#### Goal of the exercise
Omit the pictures and reproduce the rest of the listing exactly.
======== Dataset extract
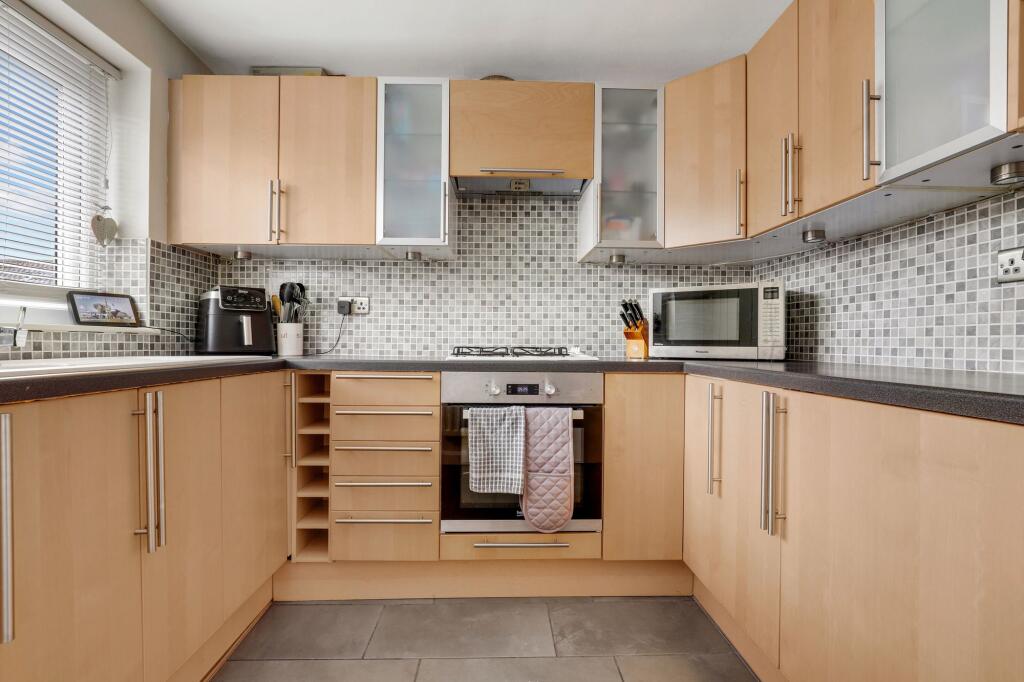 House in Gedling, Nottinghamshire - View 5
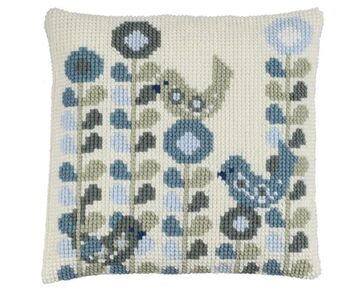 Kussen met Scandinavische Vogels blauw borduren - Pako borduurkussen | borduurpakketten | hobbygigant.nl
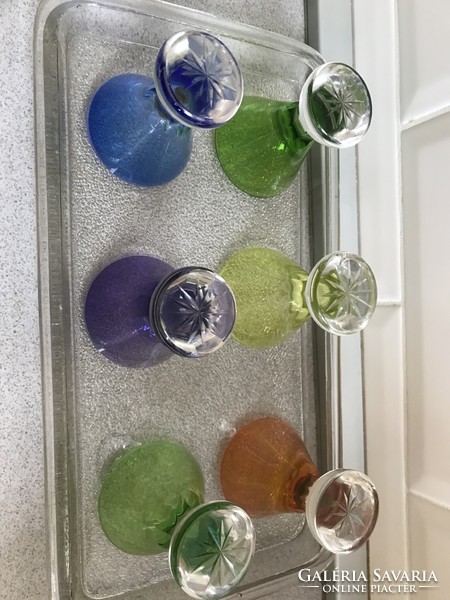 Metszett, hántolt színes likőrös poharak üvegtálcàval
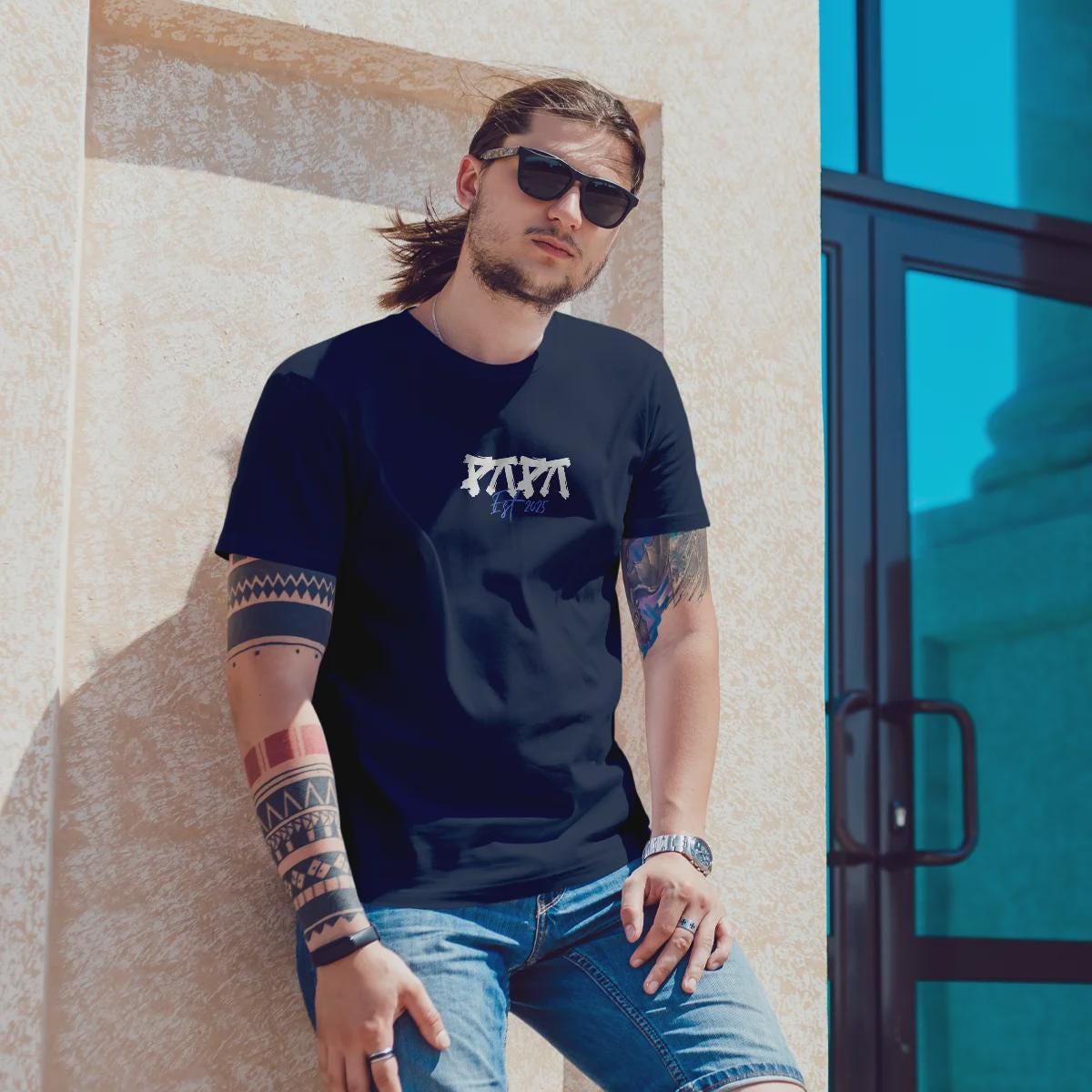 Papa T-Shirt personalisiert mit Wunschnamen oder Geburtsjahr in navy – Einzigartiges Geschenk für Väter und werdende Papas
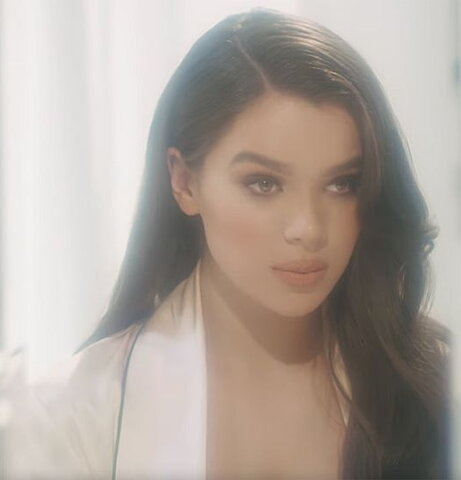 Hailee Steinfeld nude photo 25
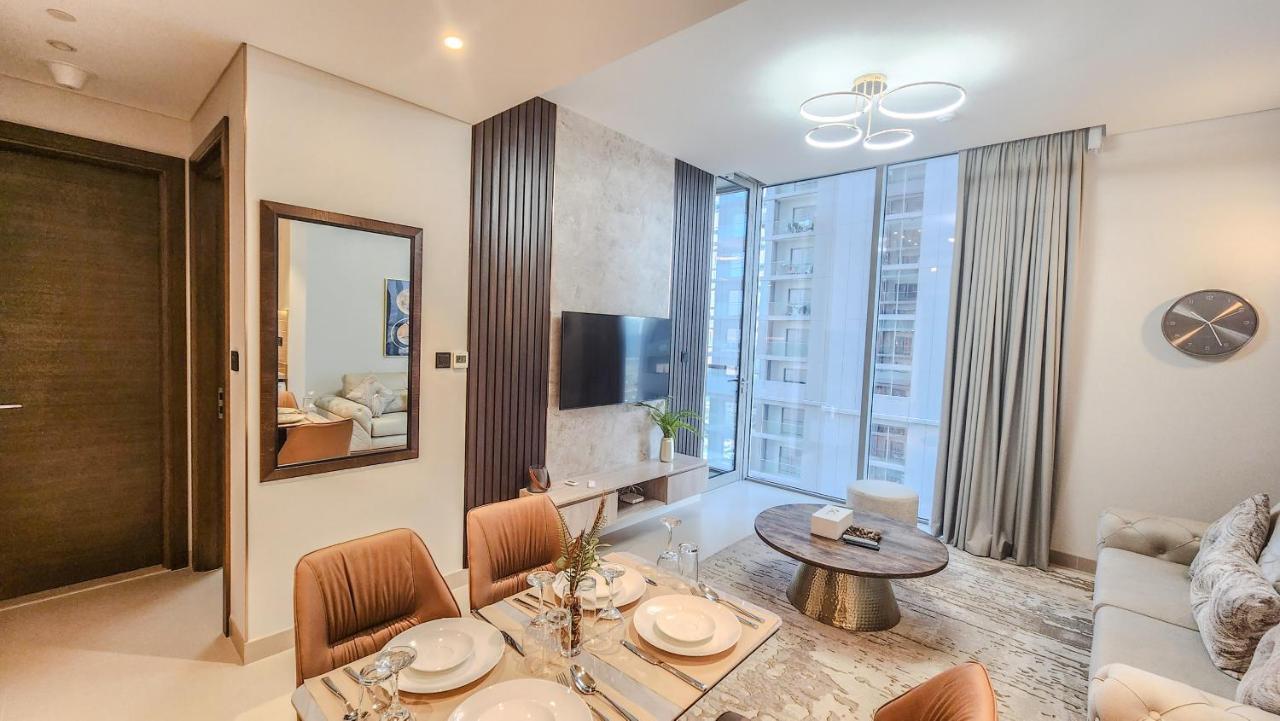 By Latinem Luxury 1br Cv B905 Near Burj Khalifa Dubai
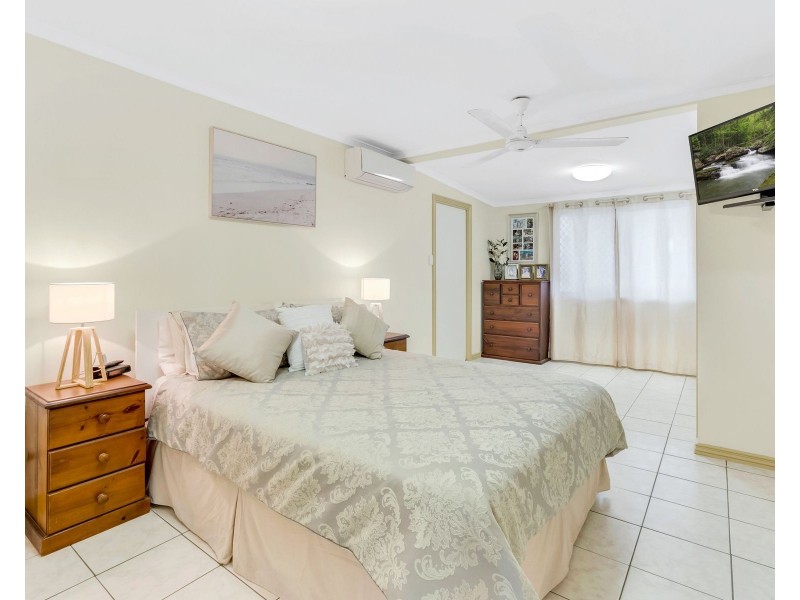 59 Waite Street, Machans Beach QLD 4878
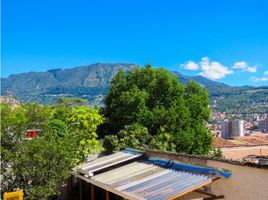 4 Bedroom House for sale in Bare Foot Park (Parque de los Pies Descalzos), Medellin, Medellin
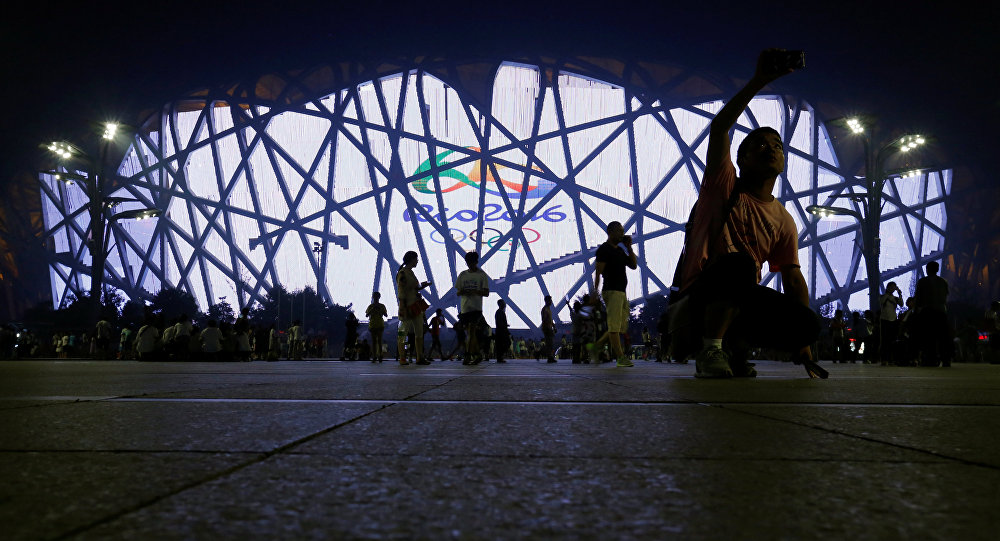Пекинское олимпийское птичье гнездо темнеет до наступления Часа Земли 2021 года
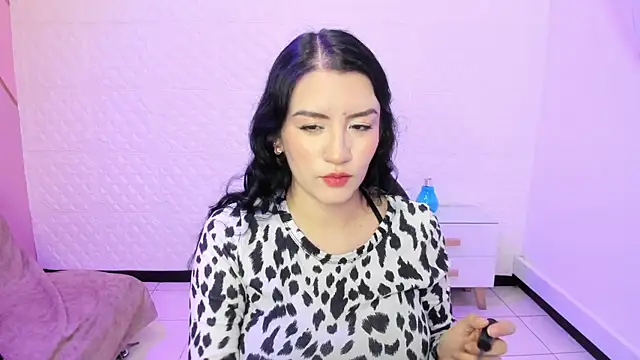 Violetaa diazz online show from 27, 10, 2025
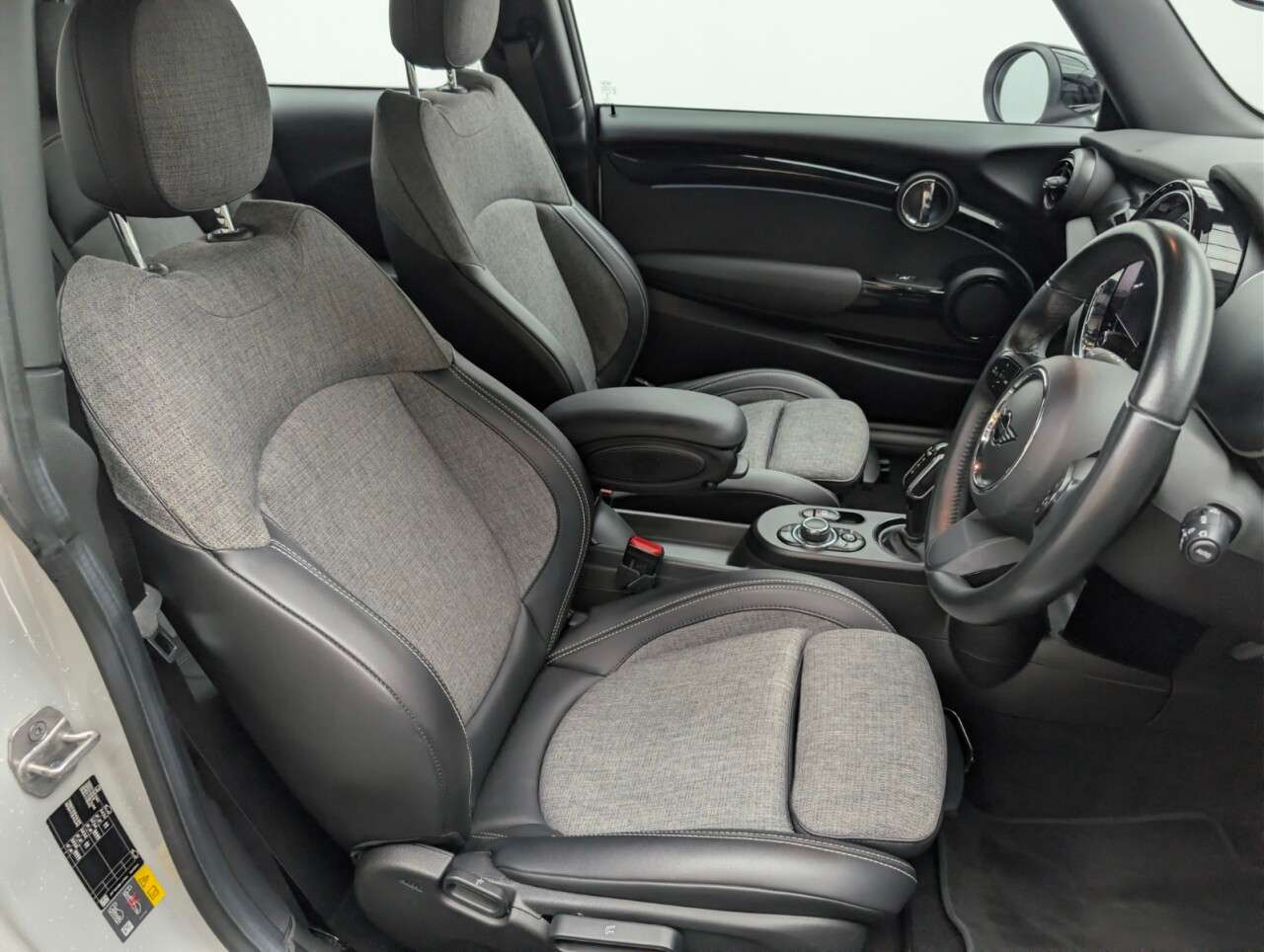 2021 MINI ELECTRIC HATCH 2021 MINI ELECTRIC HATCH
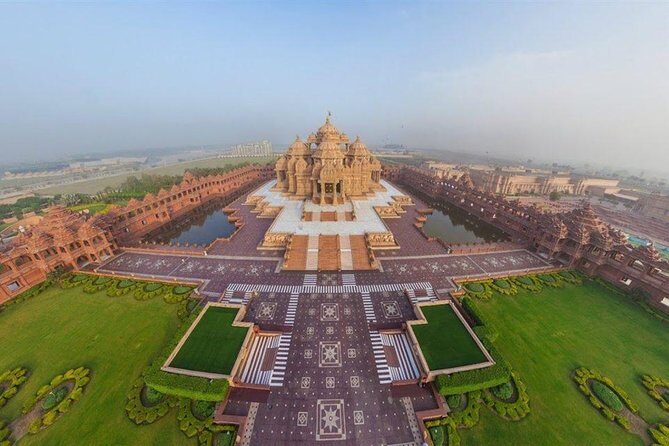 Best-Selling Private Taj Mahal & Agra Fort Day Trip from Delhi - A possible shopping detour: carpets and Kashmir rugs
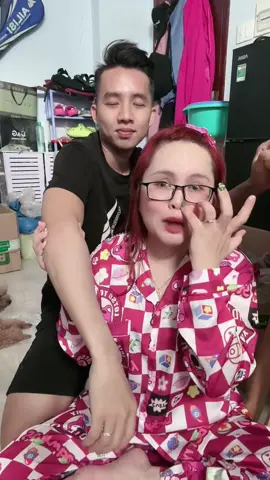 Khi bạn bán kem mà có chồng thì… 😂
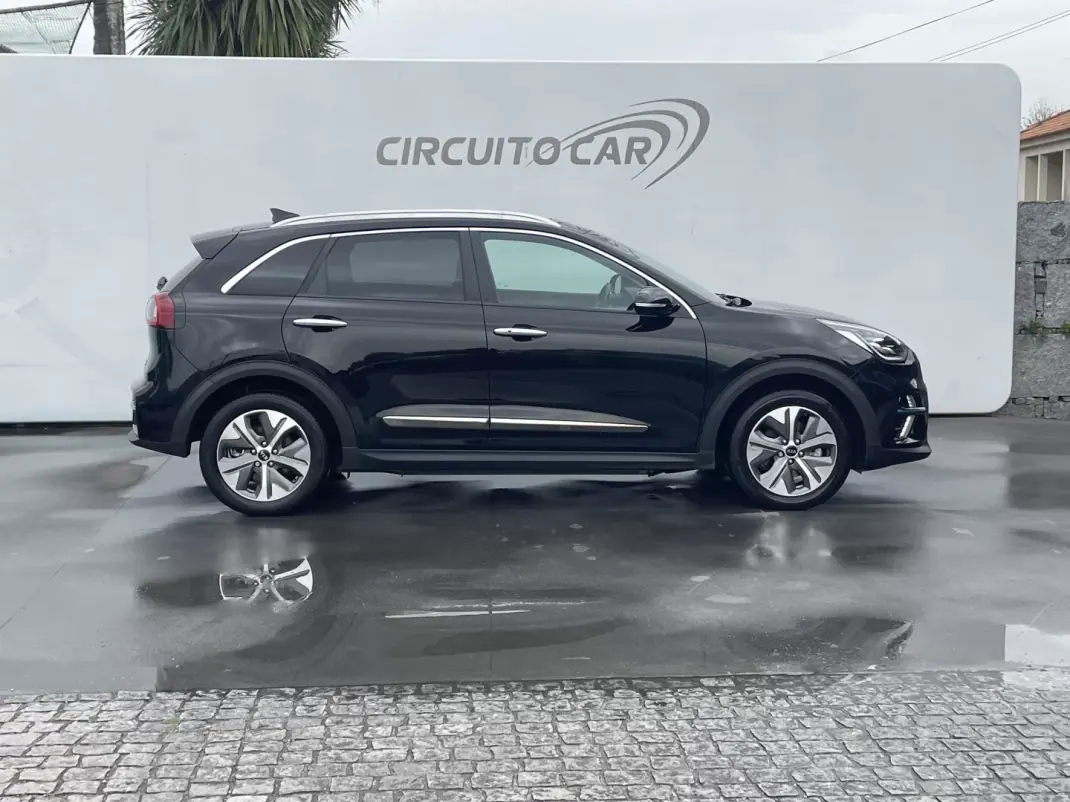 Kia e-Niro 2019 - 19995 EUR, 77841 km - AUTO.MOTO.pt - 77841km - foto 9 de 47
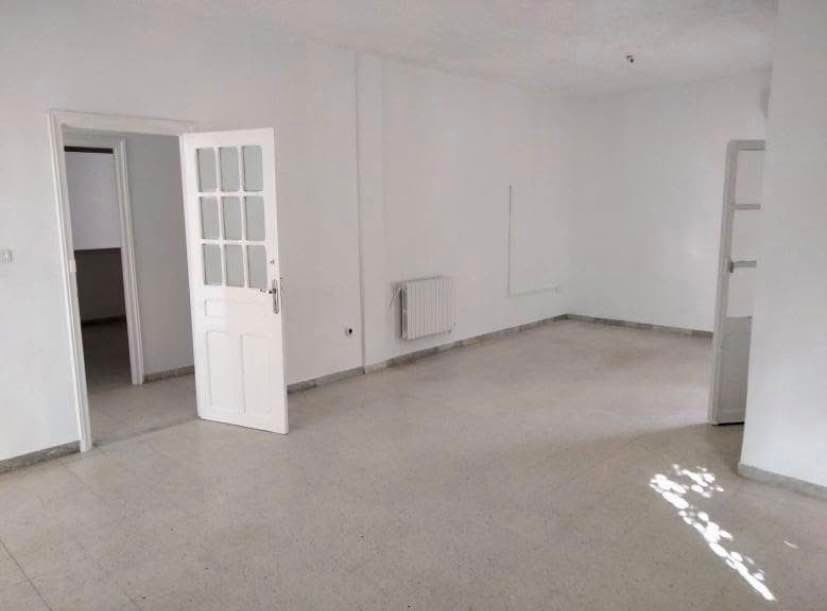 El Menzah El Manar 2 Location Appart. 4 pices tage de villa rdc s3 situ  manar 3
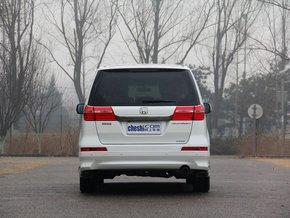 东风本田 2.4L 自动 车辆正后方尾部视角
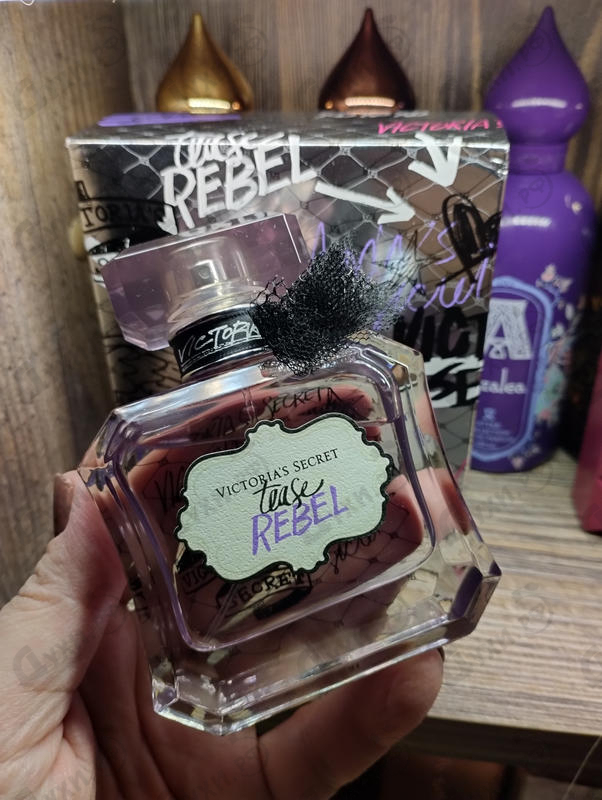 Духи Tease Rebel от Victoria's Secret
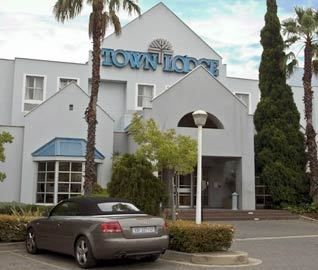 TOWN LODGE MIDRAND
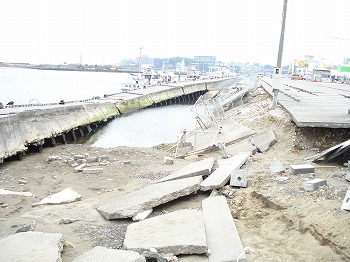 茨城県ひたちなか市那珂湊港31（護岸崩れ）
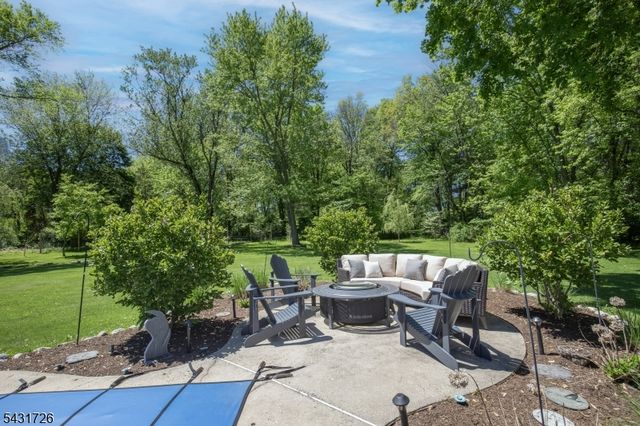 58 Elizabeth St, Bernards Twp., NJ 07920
================
#### Solution for this task
 House in Gedling, Nottinghamshire - View 5
 Kussen met Scandinavische Vogels blauw borduren - Pako borduurkussen | borduurpakketten | hobbygigant.nl
 Metszett, hántolt színes likőrös poharak üvegtálcàval
 Papa T-Shirt personalisiert mit Wunschnamen oder Geburtsjahr in navy – Einzigartiges Geschenk für Väter und werdende Papas
 Hailee Steinfeld nude photo 25
 By Latinem Luxury 1br Cv B905 Near Burj Khalifa Dubai
 59 Waite Street, Machans Beach QLD 4878
 4 Bedroom House for sale in Bare Foot Park (Parque de los Pies Descalzos), Medellin, Medellin
Пекинское олимпийское птичье гнездо темнеет до наступления Часа Земли 2021 года
 Violetaa diazz online show from 27, 10, 2025
 2021 MINI ELECTRIC HATCH 2021 MINI ELECTRIC HATCH
 Best-Selling Private Taj Mahal & Agra Fort Day Trip from Delhi - A possible shopping detour: carpets and Kashmir rugs
 Khi bạn bán kem mà có chồng thì… 😂
 Kia e-Niro 2019 - 19995 EUR, 77841 km - AUTO.MOTO.pt - 77841km - foto 9 de 47
 El Menzah El Manar 2 Location Appart. 4 pices tage de villa rdc s3 situ  manar 3
 东风本田 2.4L 自动 车辆正后方尾部视角
 Духи Tease Rebel от Victoria's Secret
 TOWN LODGE MIDRAND
 茨城県ひたちなか市那珂湊港31（護岸崩れ）
 58 Elizabeth St, Bernards Twp., NJ 07920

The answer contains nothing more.